Vermeidung der Zerstörung von Streuobstwiesen bei Bauland-
erschließungen, Straßenbauten und Flurbereinigungen.

Vermeidung von Rodungen alten Baumbestands, z.B. durch Information
und aufklärende Gespräche mit Grundstücksbesitzern.

Wenn möglich, Sicherung hohler Bäume und Seitenäste gegen Aus-
einanderbrechen (z.B. durch Stahlseile).

Unterstützen von Ersatzpflanzungen für abgängige Altbäume, z.B. durch
Förderprogramme und Ausgabe von Gutscheinen für Neupflanzungen.

Soweit möglich, kein Umbruch von Dauergrünland in Ackerland.

Als ergänzende Maßnahme, wenn in einem geeigneten Lebensraum bei ausreichendem Nahrungsangebot zu wenige Baumhöhlen vorhanden sind, empfiehlt sich die Anbringung von Nisthilfen. Besonders geeignet sind die von verschiedenen Herstellern angebotenen, mardergeschützten Brutröhren, die dem Steinkauz eine weitgehend sichere Jungenaufzucht ermöglichen können. Es gilt jedoch zu beachten, daß das Ziel aller Artenschutzprogramme nicht sein kann, ausschließlich Populationen in künstlichen Röhren vorzuhalten. Vielmehr sollen Nisthilfen dem Aufbau gesunder Steinkauz-Bestände dienen, die sich eines Tages in naturnahen Lebensräumen vor allem als Baumhöhlenbrüter fortpflanzen und erhalten können.

Literatur:

  • BEZZEL, E. (1984): Vögel - Band 2: Spechte, Eulen, Greifvögel, Tauben, Hühner u.a. BLV Verlagsgesellschaft mbH, München.

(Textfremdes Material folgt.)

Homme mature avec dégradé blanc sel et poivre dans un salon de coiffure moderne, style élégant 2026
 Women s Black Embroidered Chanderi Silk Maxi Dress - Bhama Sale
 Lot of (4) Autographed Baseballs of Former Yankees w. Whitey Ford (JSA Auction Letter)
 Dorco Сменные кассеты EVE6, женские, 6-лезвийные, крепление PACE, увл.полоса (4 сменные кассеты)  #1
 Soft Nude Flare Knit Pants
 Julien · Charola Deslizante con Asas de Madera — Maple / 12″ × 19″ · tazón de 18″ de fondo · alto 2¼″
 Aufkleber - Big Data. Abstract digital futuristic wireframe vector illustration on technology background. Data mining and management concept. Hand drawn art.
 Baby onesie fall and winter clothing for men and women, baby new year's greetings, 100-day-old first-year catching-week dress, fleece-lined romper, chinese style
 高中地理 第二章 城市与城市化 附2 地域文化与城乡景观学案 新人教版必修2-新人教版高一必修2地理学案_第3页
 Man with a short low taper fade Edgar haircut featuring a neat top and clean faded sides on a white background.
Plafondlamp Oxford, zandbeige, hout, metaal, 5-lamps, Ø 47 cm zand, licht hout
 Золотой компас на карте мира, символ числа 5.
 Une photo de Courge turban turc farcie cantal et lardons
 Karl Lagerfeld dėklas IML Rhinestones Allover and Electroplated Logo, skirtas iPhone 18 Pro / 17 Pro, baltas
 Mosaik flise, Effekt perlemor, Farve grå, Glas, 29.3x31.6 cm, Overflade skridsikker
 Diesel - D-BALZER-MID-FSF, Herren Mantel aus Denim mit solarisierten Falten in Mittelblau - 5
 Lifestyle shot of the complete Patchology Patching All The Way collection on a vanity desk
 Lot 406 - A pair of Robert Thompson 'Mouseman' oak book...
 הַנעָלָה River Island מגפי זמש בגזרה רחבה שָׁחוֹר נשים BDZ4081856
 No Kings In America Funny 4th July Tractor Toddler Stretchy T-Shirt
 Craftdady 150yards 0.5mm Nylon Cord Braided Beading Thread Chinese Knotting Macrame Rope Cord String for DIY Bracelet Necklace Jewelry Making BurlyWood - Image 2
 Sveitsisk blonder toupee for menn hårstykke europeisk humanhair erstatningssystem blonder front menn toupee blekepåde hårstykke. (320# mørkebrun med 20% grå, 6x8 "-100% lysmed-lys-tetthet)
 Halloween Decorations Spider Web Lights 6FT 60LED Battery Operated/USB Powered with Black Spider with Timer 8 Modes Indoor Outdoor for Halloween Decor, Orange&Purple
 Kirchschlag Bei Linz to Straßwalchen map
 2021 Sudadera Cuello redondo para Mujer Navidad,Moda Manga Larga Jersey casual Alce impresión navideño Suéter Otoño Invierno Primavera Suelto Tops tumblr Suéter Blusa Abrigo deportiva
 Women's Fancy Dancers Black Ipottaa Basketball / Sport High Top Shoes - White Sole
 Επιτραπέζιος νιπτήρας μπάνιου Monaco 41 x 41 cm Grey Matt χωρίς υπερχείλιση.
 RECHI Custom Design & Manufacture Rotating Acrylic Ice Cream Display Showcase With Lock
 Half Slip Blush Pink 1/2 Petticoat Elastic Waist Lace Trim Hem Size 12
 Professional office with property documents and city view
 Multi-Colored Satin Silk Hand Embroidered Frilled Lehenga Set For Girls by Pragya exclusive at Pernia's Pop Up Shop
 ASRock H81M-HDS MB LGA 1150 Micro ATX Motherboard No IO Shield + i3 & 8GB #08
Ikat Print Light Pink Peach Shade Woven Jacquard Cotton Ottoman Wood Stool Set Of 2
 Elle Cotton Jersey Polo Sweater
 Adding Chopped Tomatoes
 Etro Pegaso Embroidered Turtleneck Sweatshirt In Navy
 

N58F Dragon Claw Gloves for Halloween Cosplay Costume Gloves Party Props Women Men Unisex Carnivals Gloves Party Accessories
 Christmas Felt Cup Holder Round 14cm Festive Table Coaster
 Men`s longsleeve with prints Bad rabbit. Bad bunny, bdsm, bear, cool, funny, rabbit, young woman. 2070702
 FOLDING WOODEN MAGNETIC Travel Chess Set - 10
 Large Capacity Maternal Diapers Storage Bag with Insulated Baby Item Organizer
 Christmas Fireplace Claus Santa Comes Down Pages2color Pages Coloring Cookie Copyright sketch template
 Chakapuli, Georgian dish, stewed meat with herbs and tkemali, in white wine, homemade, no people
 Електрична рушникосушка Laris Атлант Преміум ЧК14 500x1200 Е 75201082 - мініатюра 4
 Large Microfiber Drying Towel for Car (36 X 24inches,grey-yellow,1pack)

  • MEBS, T. (1987): Eulen und Käuze. - Franckh'sche Verlagshandlung, Stuttgart.

  • STANGE, CH. (1995): Steinkauz-Beringungsbericht 1995 (unveröffentlicht). Freiburg. 17 S.

  • BNA (1990): Der Steinkauz - vom Aussterben bedrohte Vogelart. Merkblatt des Bundesverbands für fachgerechten Natur- und Artenschutz, Hambrücken.

  • HÖLZINGER, J. (1987): Die Vögel Baden-Württembergs. Band 1, Teil 2: Artenschutzprogramm Baden-Württemberg, Artenhilfsprogramme. Karlsruhe. Verlag Eugen Ulmer.